Wireless sensors to help monitor Bay of Green Bay

GREEN BAY, Wis. (WBAY) – Some cutting-edge technology will be deployed to help keep an eye on how the water and wildlife are doing on the Bay of Green Bay. Cellcom and the University of Wisconsin-Green Bay are working on this together. Beginning next spring, UW-Green Bay researchers will have a new tool to monitor the health of the bay.

“It’s a wireless technology that’s specially designed to capture really small amounts of data, and it can connect to thousands of devices, lots of devices and those devices operate on very little power, so it can run a very long time,” explains Bob Webb, Cellcom vice president of innovation. The new technology is called LoRa, which stands for LOng RAnge, and it will be used as a monitoring application on a series of buoy platforms to measure oxygen levels and water clarity in real time.

“It’ll just be collected into basically ‘the cloud,’ and the scientists at UWGB will be able to get access to it and process it in any tools they want to use to do that,” says Webb.

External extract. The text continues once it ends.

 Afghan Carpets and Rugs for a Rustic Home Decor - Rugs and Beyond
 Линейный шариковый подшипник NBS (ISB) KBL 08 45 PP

Beyond collecting data underwater, professor Bob Howe is planning to use the wireless sensors in backpacks fitted on pelicans and cormorants.

“We hope to use the LoRa technology to track the feeding behavior and movements of the fish-eating birds in the lower bay, and that will tell us about the potential impact of these birds on the fishery, on the sport fishery, in addition to just the fascinating story of these birds in our system,” says Bob Howe, UWGB Natural and Applied Sciences professor.

As part of the largest freshwater system in the world, Howe says monitoring the bay’s health is a continuous responsibility and any new technology to help do it is a welcome addition.

“We have such a dynamic system here with water levels changing, with different events happening in the watershed, and I think those are always going to be a challenge for us to follow and resolve in the best ways that our technology and resources permit,” says Howe.